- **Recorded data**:
Start of Block

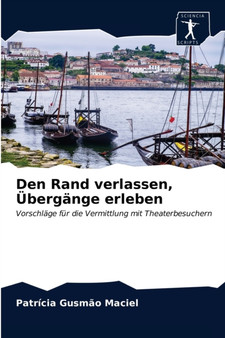 Den Rand verlassen, Ubergange erleben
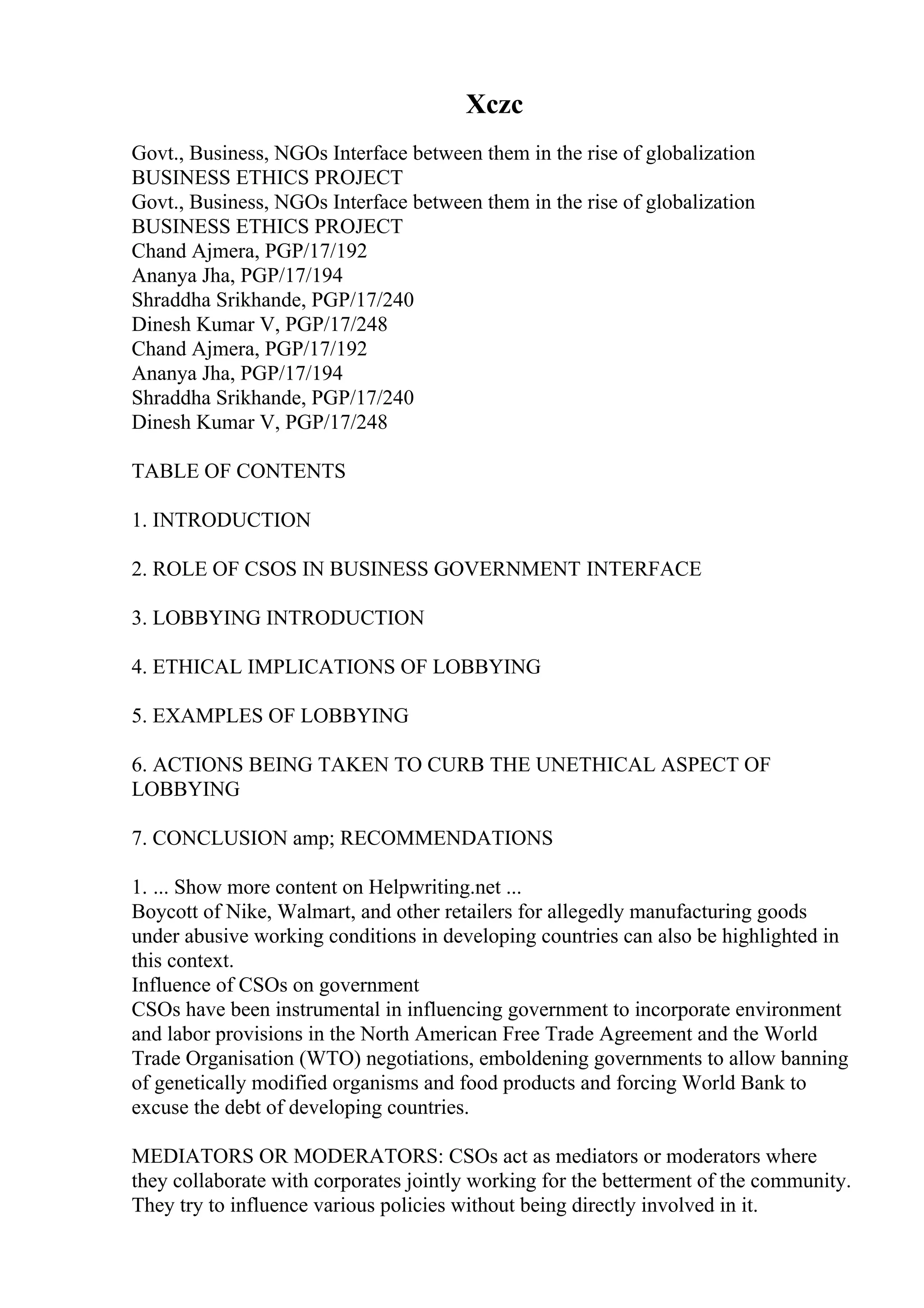 Xczc
Govt., Business, NGOs Interface between them in the rise of globalization
BUSINESS ETHICS PROJECT
Govt., Business, NGOs Interface between them in the rise of globalization
BUSINESS ETHICS PROJECT
Chand Ajmera, PGP/17/192
Ananya Jha, PGP/17/194
Shraddha Srikhande, PGP/17/240
Dinesh Kumar V, PGP/17/248
Chand Ajmera, PGP/17/192
Ananya Jha, PGP/17/194
Shraddha Srikhande, PGP/17/240
Dinesh Kumar V, PGP/17/248
TABLE OF CONTENTS
1. INTRODUCTION
2. ROLE OF CSOS IN BUSINESS GOVERNMENT INTERFACE
3. LOBBYING INTRODUCTION
4. ETHICAL IMPLICATIONS OF LOBBYING
5. EXAMPLES OF LOBBYING
6. ACTIONS BEING TAKEN TO CURB THE UNETHICAL ASPECT OF
LOBBYING
7. CONCLUSION amp; RECOMMENDATIONS
1. ... Show more content on Helpwriting.net ...
Boycott of Nike, Walmart, and other retailers for allegedly manufacturing goods
under abusive working conditions in developing countries can also be highlighted in
this context.
Influence of CSOs on government
CSOs have been instrumental in influencing government to incorporate environment
and labor provisions in the North American Free Trade Agreement and the World
Trade Organisation (WTO) negotiations, emboldening governments to allow banning
of genetically modified organisms and food products and forcing World Bank to
excuse the debt of developing countries.
MEDIATORS OR MODERATORS: CSOs act as mediators or moderators where
they collaborate with corporates jointly working for the betterment of the community.
They try to influence various policies without being directly involved in it.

End of Block

- **Try it**:
Take the line that contains "excuse the debt of developing countries." and each line after it through the end of the records, and repeat them all exactly. Nothing else.

- **Task answer**:
excuse the debt of developing countries.
MEDIATORS OR MODERATORS: CSOs act as mediators or moderators where
they collaborate with corporates jointly working for the betterment of the community.
They try to influence various policies without being directly involved in it.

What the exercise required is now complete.